Crawled caption data

****************

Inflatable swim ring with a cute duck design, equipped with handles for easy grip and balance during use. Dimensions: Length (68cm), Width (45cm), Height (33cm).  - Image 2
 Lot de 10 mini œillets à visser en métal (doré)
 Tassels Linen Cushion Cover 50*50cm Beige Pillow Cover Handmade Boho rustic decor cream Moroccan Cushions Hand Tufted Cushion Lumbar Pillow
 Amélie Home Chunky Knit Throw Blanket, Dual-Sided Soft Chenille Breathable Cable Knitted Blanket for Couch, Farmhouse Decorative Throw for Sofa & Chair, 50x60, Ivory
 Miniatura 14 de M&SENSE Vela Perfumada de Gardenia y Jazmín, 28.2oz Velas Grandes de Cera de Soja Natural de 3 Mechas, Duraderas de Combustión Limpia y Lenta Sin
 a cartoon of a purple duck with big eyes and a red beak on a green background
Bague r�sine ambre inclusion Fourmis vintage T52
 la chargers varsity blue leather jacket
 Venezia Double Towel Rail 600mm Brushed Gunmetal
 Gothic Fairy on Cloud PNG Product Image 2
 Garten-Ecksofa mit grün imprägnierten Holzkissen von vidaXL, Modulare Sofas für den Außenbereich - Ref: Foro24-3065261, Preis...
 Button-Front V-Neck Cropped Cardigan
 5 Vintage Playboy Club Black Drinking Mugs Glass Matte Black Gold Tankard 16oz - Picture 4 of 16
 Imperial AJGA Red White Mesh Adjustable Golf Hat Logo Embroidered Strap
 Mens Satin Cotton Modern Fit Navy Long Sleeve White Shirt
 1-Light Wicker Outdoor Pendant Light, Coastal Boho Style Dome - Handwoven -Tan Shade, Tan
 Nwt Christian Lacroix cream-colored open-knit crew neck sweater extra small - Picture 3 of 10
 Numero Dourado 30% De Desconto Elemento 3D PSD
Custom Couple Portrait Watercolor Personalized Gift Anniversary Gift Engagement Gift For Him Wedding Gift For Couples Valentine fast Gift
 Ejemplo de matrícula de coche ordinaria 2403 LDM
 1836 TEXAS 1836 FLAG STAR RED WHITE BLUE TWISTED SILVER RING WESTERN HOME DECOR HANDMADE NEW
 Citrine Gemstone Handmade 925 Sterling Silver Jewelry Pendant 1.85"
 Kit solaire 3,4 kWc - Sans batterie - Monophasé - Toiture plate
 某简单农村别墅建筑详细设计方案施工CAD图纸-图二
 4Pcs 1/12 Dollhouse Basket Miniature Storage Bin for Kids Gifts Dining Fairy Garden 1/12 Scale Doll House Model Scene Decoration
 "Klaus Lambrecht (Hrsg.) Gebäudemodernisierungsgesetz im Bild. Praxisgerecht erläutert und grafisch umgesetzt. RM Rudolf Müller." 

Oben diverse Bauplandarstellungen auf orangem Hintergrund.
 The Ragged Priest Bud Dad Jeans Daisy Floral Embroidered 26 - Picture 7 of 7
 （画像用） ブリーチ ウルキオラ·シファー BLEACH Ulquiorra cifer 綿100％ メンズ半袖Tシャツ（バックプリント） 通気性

****************

> WHAT YOU SHOULD DO:
Print the lines above from the one with "Imperial AJGA Red" through the one with "Numero Dourado 30%", both included, exactly as written and nothing more.

> RESPONSE AREA:
 Imperial AJGA Red White Mesh Adjustable Golf Hat Logo Embroidered Strap
 Mens Satin Cotton Modern Fit Navy Long Sleeve White Shirt
 1-Light Wicker Outdoor Pendant Light, Coastal Boho Style Dome - Handwoven -Tan Shade, Tan
 Nwt Christian Lacroix cream-colored open-knit crew neck sweater extra small - Picture 3 of 10
 Numero Dourado 30% De Desconto Elemento 3D PSD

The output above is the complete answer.